Unfortunately, the Glen Rose/Somervell County Chamber of Commerce's vital mission has become obscured by controversy. Stories of infighting, personality conflicts and disagreements over direction have been circulating around town.

The departures of several key chamber officers and members, including Caylor, Darrell Best, Kelly Hoodenpyle and former events coordinators Tonya Fonseca and then Angel Smith, for various reasons, also raised questions about what was going on behind the scenes.

It's been sad to see the chamber's office door with the “Closed” sign on it during this transition while the remaining chamber board scrambles to regroup and line up volunteers to staff the office. (The chamber will stay downtown until its lease ends next February.) To volunteer or to join, call Rhonda Cagle, the chamber's acting president, at 254-897-9228.

The remaining board members need the community's support to get the organization going again and rebuild the chamber's reputation. It's no doubt going to be tarnished by recent revelations of some free-spending on events — including hundreds of dollars for beer for contestants in the St. Patrick's Day golf tournament.

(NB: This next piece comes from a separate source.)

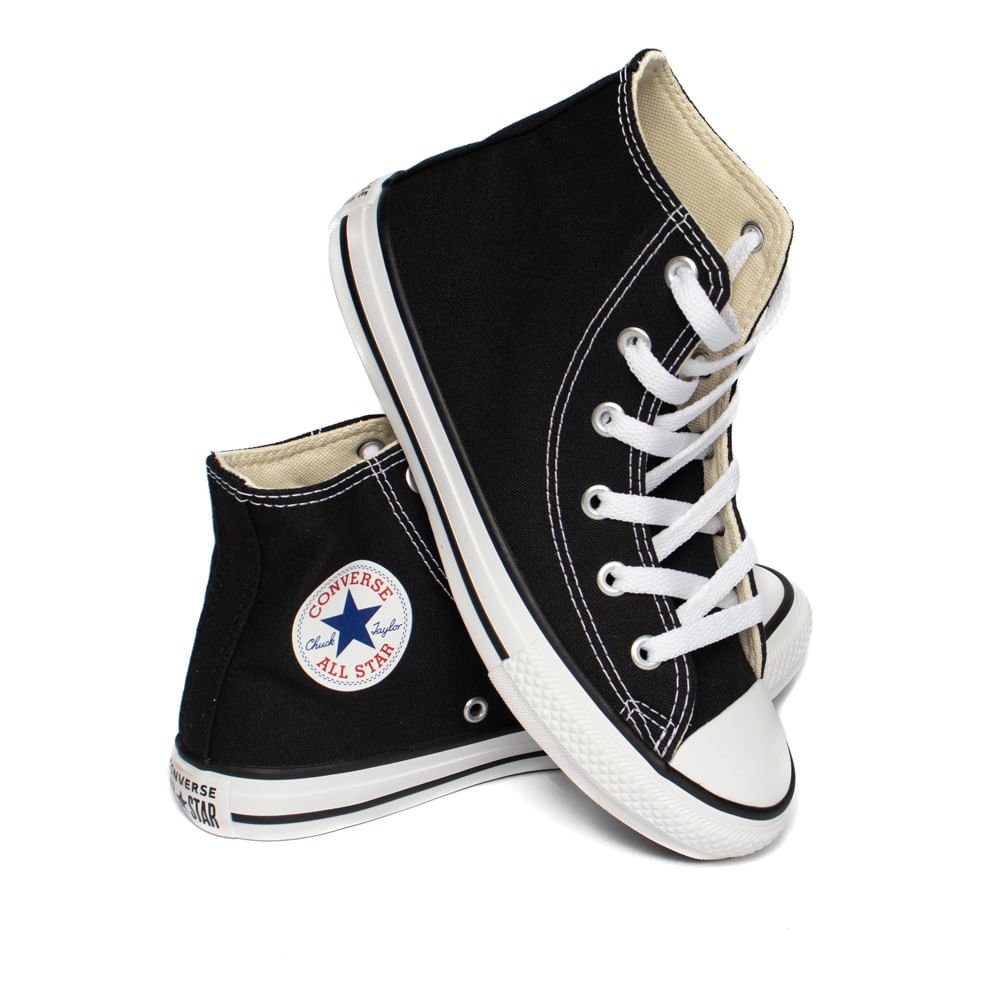 Tênis Infantil Converse Chuck Taylor Cano Alto Preto/Branco Preto 5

But kudos to Jimmy Gosdin, the new president of the Glen Rose Economic Development Corp., for having the courage to give the Glen Rose City Council a list of those expenses in the interest of transparency and to start heading in the right direction.

It should be noted that some, but not all, of the events received some 4B monies. After the departures of the leadership and chamber office staff, the remaining chamber board members were left holding the bag and scrambling to figure out how much money was spent on what.

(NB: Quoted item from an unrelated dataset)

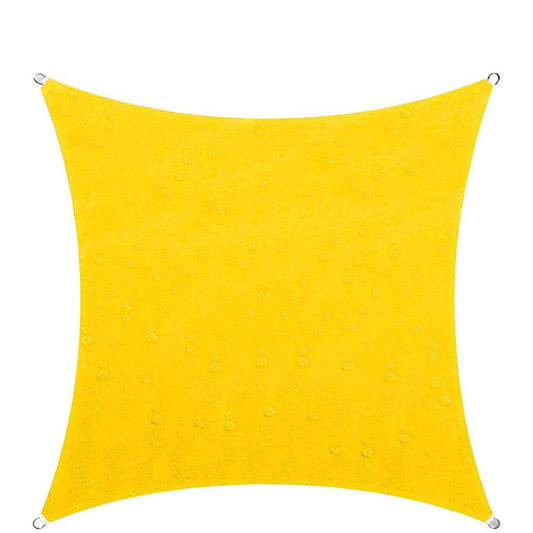 ColourTree 14 ft. x 14 ft. 220 GSM Waterproof Yellow Square Sun Shade Sail Screen Canopy, Outdoor Patio and Pergola Cover HMJ4_N3IWL94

One thing that is certain is that more than $12,807 was used to pay for the events coordinators' salaries. The rest of the expenses will have to be sorted out.

For now, though, it's clear that a chamber-based events coordinator funded with 4B sales tax money is not a good idea. The chamber did not live up to its contract with the GREDC, which oversees the distribution of 4B money returned to the city by the state for economic development purposes.

There's plenty of blame to go around. Too many people apparently spent too much money without asking hard questions. Once again, the public's money was squandered. By the way, in the interest of transparency, you can see a list of the expenses on our Web site, www.theglenrosereporter.com.

City Council and GREDC member Sue Oldenburg was right to demand an accounting of events coordinator expenses. It's too bad that some of the people responsible for letting expenses get out of hand are now gone, leaving others to clean up their mess.

Rather than search for blame, however, it's time to get behind the chamber and keep it going in a forward direction. A city without a chamber of commerce sends a negative signal to those who might be thinking about starting a business in Glen Rose. It's time to start sending a positive signal that the chamber is open - for businesses.